Posted: 17 Mar 2010 05:11 AM PDT

The subject of personal finance is very broad, but as a beginning, consider the foundations of personal finance: security, stability, growth, protection, and management.

Security


Security means being prepared for the "hit by a bus" scenario.

I have life insurance to provide for my wife and children. Health, disability, auto, and home insurance policies also provide additional protection in each respective area. I also have a list of where these policies are, who my agents are, phone numbers, and basic policy information (numbers, amounts, costs, and so on). I keep this information both in a file at my house and in a safety deposit box at the bank. My wife, and my brother and sister-in-law, who live nearby, also know where these things are.

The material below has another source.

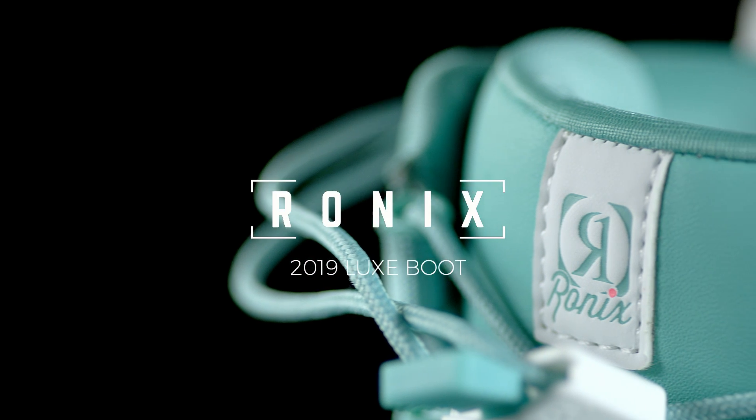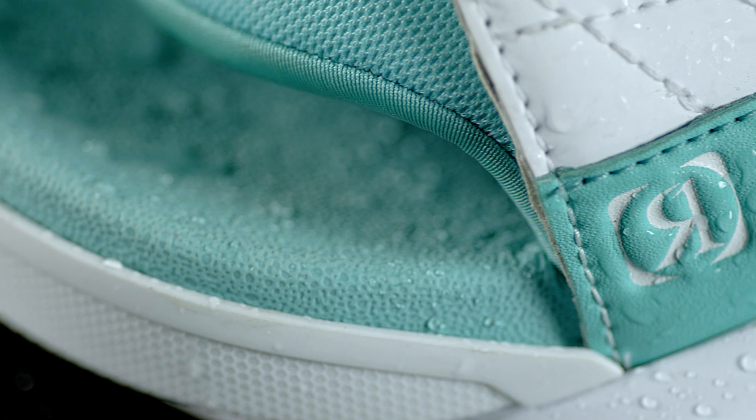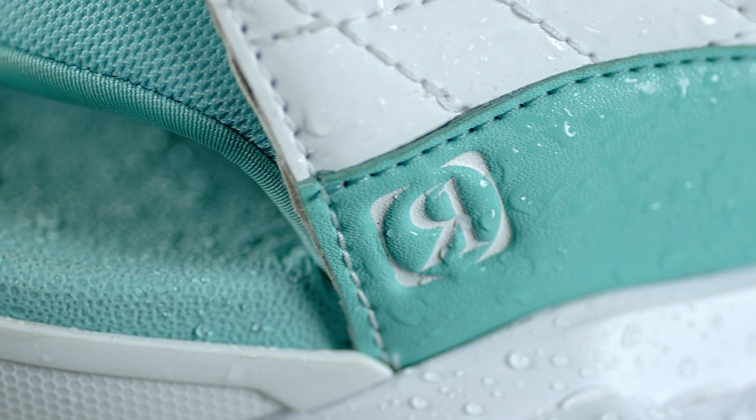Luxe boot. Affordable luxury never felt so right. Why do you think we called it the Luxe? Built on our mainframe with ultra light, ultra cush, stage 1 foam.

I also try to maintain an emergency fund of cash in a bank account or money market account, with checks, so that I am prepared for a financial disaster, layoff, or natural disaster. It took several years to build up this cash fund.

I started with a goal to have enough cash for six months of my normal financial needs, such as mortgage, food, insurance, transportation costs, and so on. Now I am trying for 12 months' worth. I do this by saving a little each month and "investing" a portion of all "found" money such as gifts, inheritances, tax returns, and any additional unexpected income.

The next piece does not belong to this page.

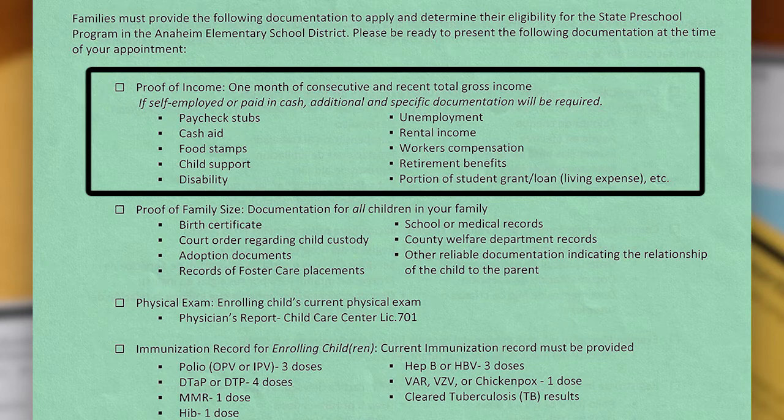The most recent income will be your household income one month prior to your appointment date. Consecutive means your paycheck stubs or proof of income must follow one another in uninterrupted order with no gaps in time between them.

I have a will and update it each year around January to reflect any changes in my life during the past year, such as new children, a new home or business, and so on. Most people don't need an extensive will; the forms you buy at your office supply store will do. But in some states if you die without one, watch out: What happens to your money and even your children could be entirely determined by some state- or court-appointed official.

Stability


The next level of personal finance is stability.

Stability means that first of all I live within my means. I don't spend more than I earn. Otherwise I am spending my savings, investments, emergency money, or getting into debt. I try to avoid credit card debt and purchase everything with money I already have. I don't buy things expecting that next month I will have more money or I will get a big raise or promotion. You can't sell me a car based on a monthly payment amount; I want to know the final price!

In order to make sure I am living within my means, I created a simple budget, and I track my expenses using Simple Joe's Expense Tracker. By tracking, I can tell how much I have spent in each budget category. I know when to keep a closer eye on certain types of expenses, or when and where I can cut expenses, and what I can live without in order to stay within my budget. Counting pennies is pretty tedious, but tracking where the dollars go can be eye-opening.

Another aspect of stability is avoiding or eliminating debt. Some recent reports show that the average American is $7,000–$20,000 in debt. Most of it is consumer debt: credit cards, store accounts, rent-to-own, auto loans, and so on. And those types of consumer debt usually charge a higher interest rate than any savings account, CD, or money market account, even more than most high-flying risky investments.

This means that $1,000 in debt at 18 percent is costing you nine times what your $1,000 savings account at 2 percent is producing. Consumer debt is a dangerous spiral that is very hard to get out of.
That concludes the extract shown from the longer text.